If we’re going to be answering to the demands of a powerful political force like United Teachers Los Angeles, we need to know what our kids and families are getting out of it.
Can we also demand that more than three out of 10 black or Latino students be prepared to pass their English or math tests? Or that English learners, who make up nearly a quarter of students in the district, see more than zero growth on their scores?
Can we demand that Latino and black students not be two to three times more likely to be taught by the least effective teachers than their white and Asian peers?
Can we demand that students of color receive proper social-emotional support and cultural recognition to avoid being overdisciplined and tracked toward the school-to-prison pipeline?
Can we demand that hundreds of thousands of graduates not be shepherded into remedial college courses because they didn’t get the basic educational foundation they were promised with a diploma?
Of course, it’s important to pay teachers well and give them supportive environments. But telling us that increasing teacher pay and supporting their lifetime benefits will help students is kind of like saying bigger tax breaks for big businesses will trickle down to the rest of us. It doesn’t work that way.
Meanwhile, our collective failure to address the real education crisis happening in the district has real consequences — ones we have been turning a blind eye to for far too long. My mom had the same experience in the 1950s and ’60s that I had in the ’80s and ’90s. The folks who have been sitting at the bargaining tables for so many decades continue to come up with excuses about why kids can’t learn, or why teachers can’t teach them. And things won’t change until someone is held accountable for getting results for our kids.
I know I don’t stand alone in this call for justice. More than 40 Latino leaders signed an open letter calling for a serious commitment to improving schools for our children. I work with dozens of Latina women organized through the La Comadre network who are asking hard questions about how the politics serve our kids.

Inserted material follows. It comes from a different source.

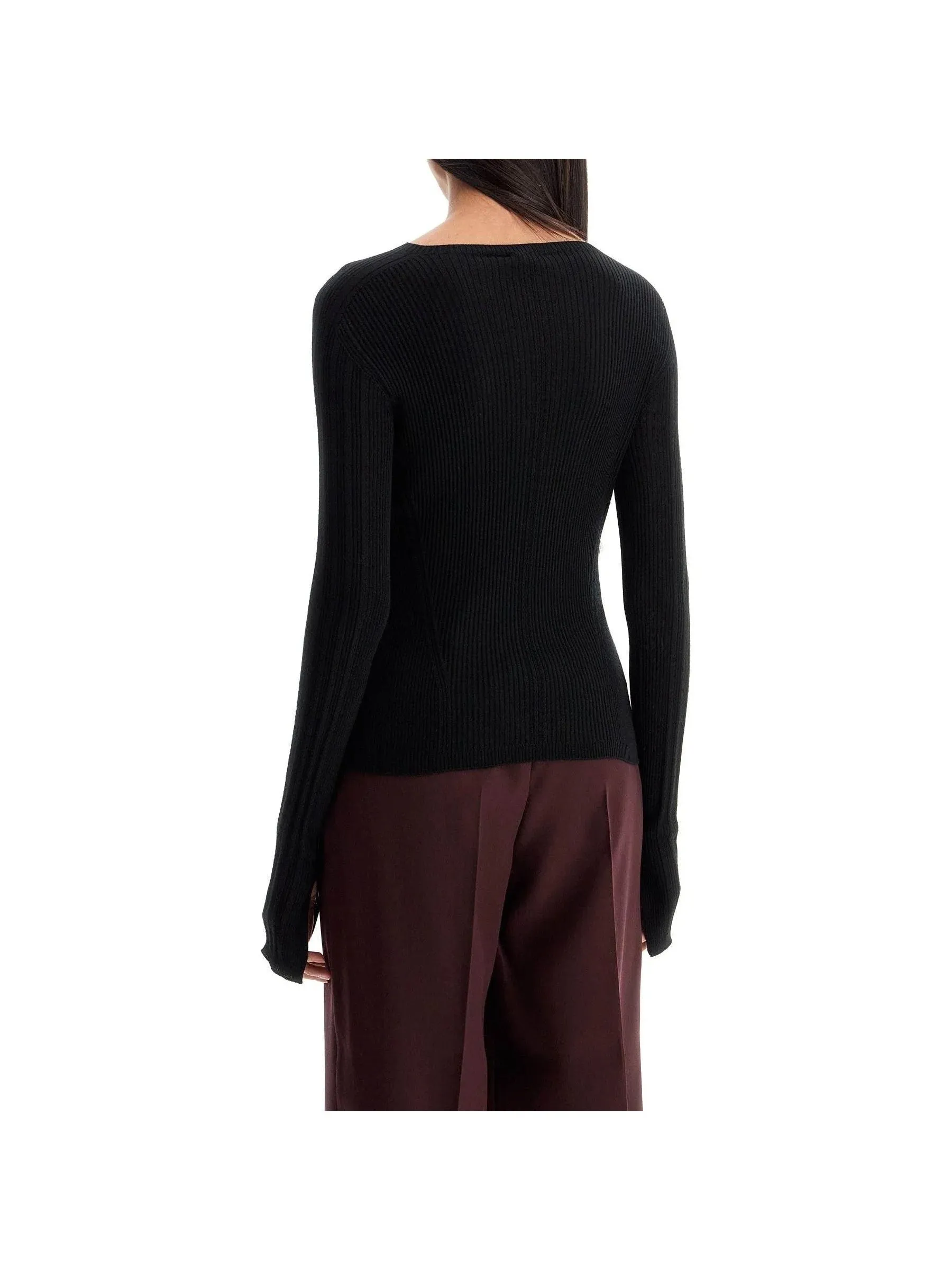 Ribbed Knit Wool Sweater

And yes, our visibility in calling for accountability makes us targets. But as civil rights activist Audre Lorde taught me, my silence will not protect me. Our collective silence will not protect the children.

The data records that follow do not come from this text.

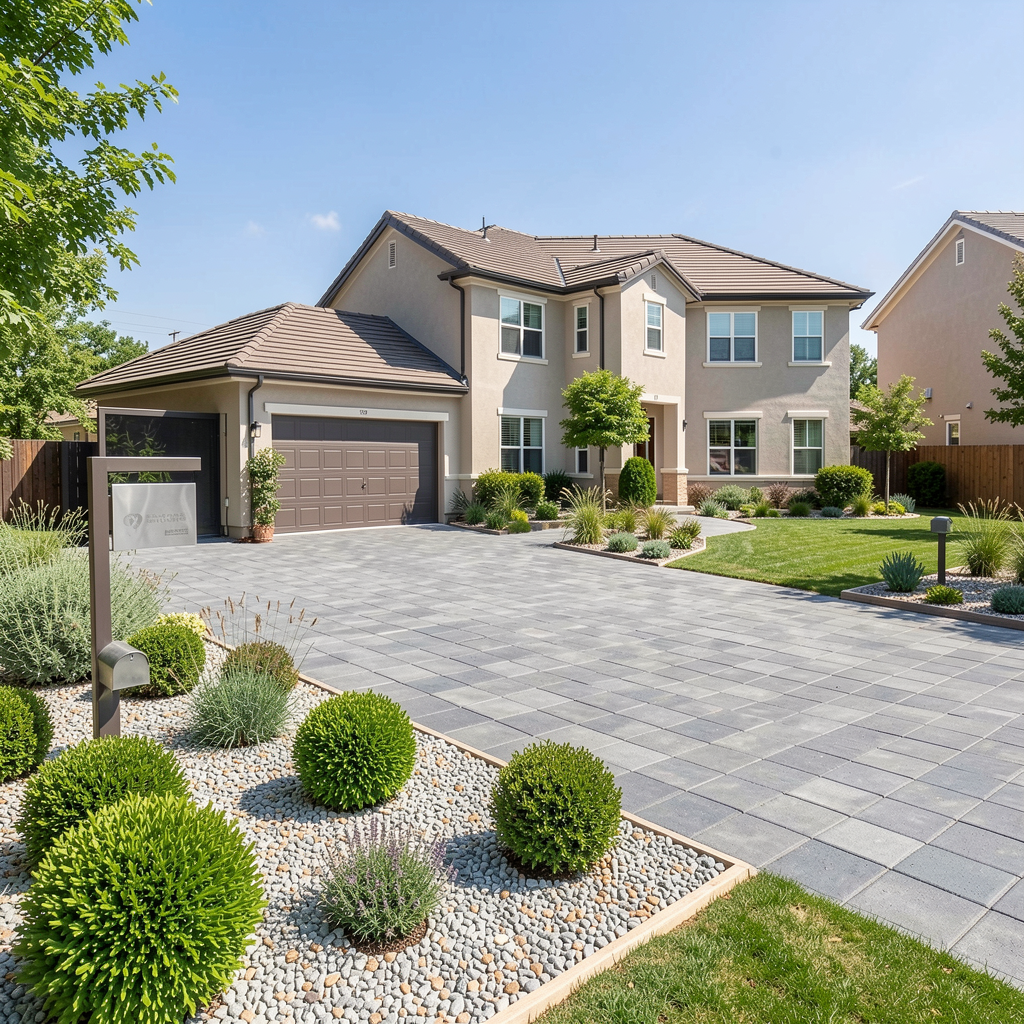 After a driveway remodel: new block paving and landscaped front garden.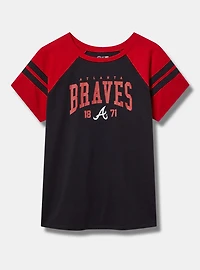 MLB Atlanta Braves Cotton Varsity Ringer Tee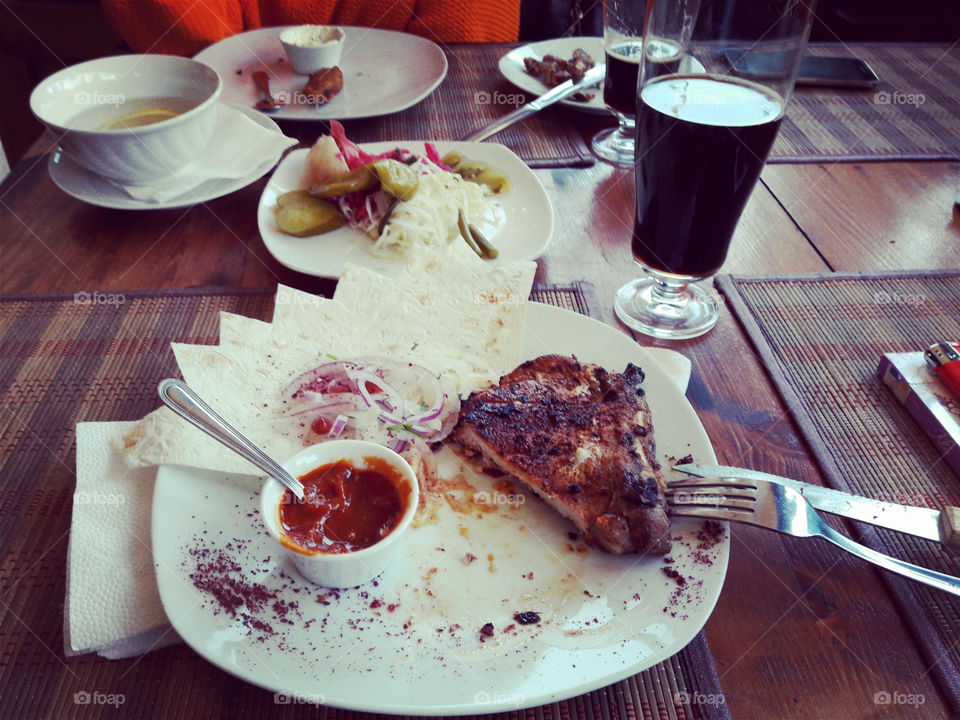 dinner eat table serve lunch meat dish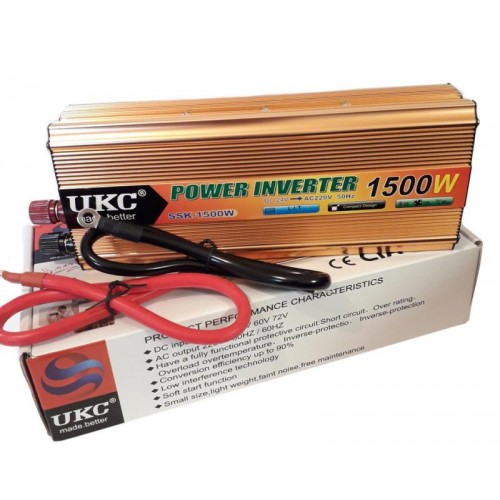 Перетворювач напруги UKC 1500 Вт 24v 220v інвертор 1500w 24в 220в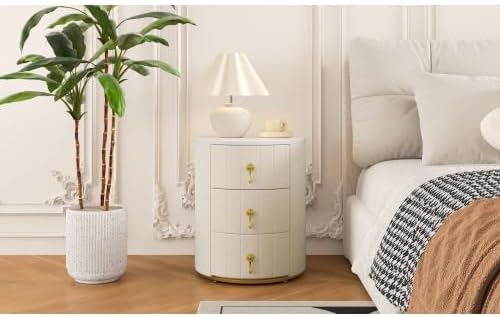Bellemave Upholstered Nightstand with 3 Drawers, Round Bedside Table with Metal Handles, Velvet End Table, Marbling Stickers Top Nightstand (Beige)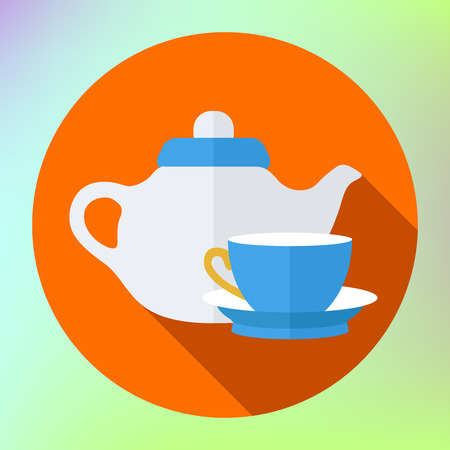 teapot and cup icon. Kettle and cup. Flat design. Tea symbol. flat icon with long shadow kettle cupのイラスト素材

We need to push now, because change doesn’t come quick or easy. We are just now seeing the arc bend toward justice in criminal justice reform and in the fight for gay rights after decades of pushing the status quo.
The L.A. walkout won’t be the last teacher strike in 2019. Denver teachers are already cued up, as are teachers in Oakland and probably many other places.
But if teachers around the country decide to walk out of the classroom to hold their districts and states accountable for adequate funding for public schools, we need to demand that they also hold themselves accountable for giving our children the high-quality education they’re promised.